Work item ▸ Set out exactly, and only, the lines running from the one containing "[LORA] TRINITY 3.5MM CUSHION RING COLLECTION" to the bottom of the listing below; pictures stay out.

══════

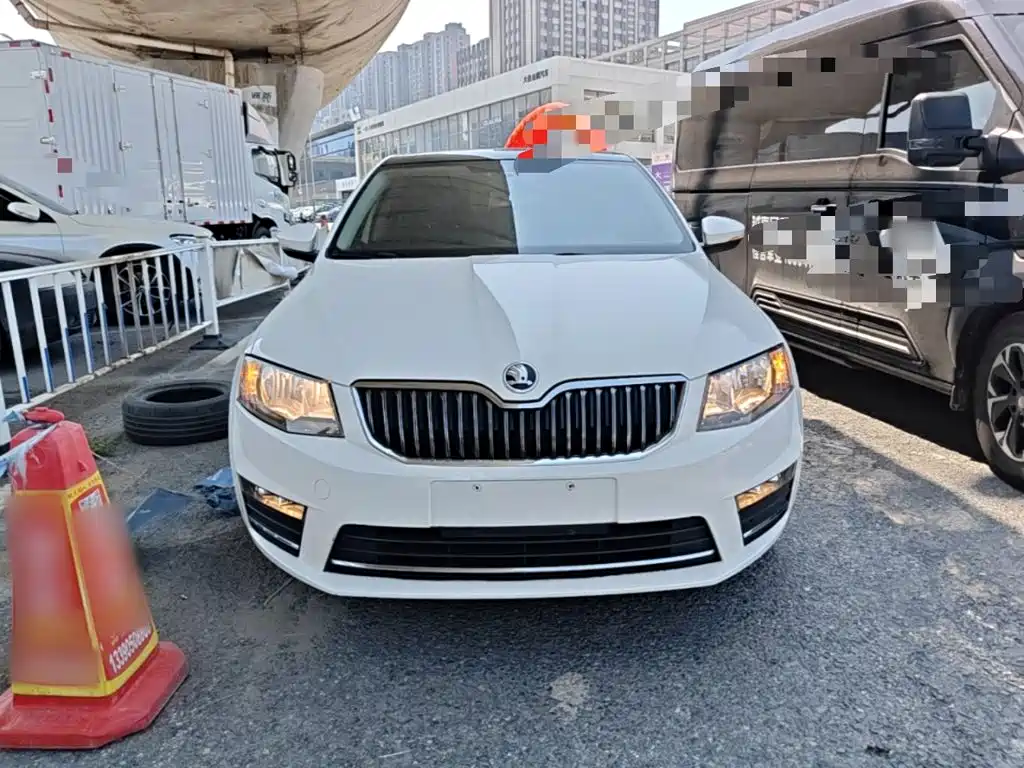 Skoda Octavia 2016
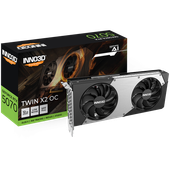inno3d geforce rtx 5070 twin x2 oc 12gb gddr7 192-bit hdmi 3x dp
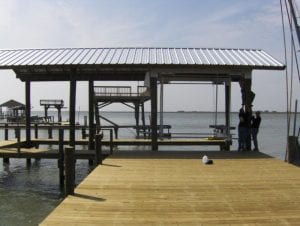 American Pole & Timber Lumber Products for Marinas Docks Pier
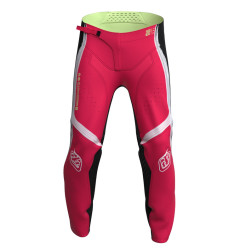 TROY LEE DESIGNS SE Pro Stripes Jugendhose – Neonrot/Schwarz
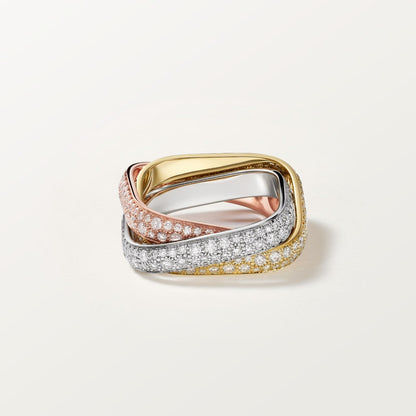 [LORA] TRINITY 3.5MM CUSHION RING COLLECTION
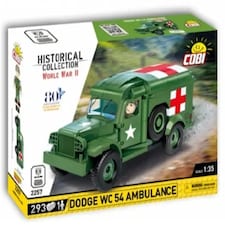 Dodge WC-54 Ambulance - COBI 2257 - 293 bricks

══════

Solution to this task ▸
 [LORA] TRINITY 3.5MM CUSHION RING COLLECTION
 Dodge WC-54 Ambulance - COBI 2257 - 293 bricks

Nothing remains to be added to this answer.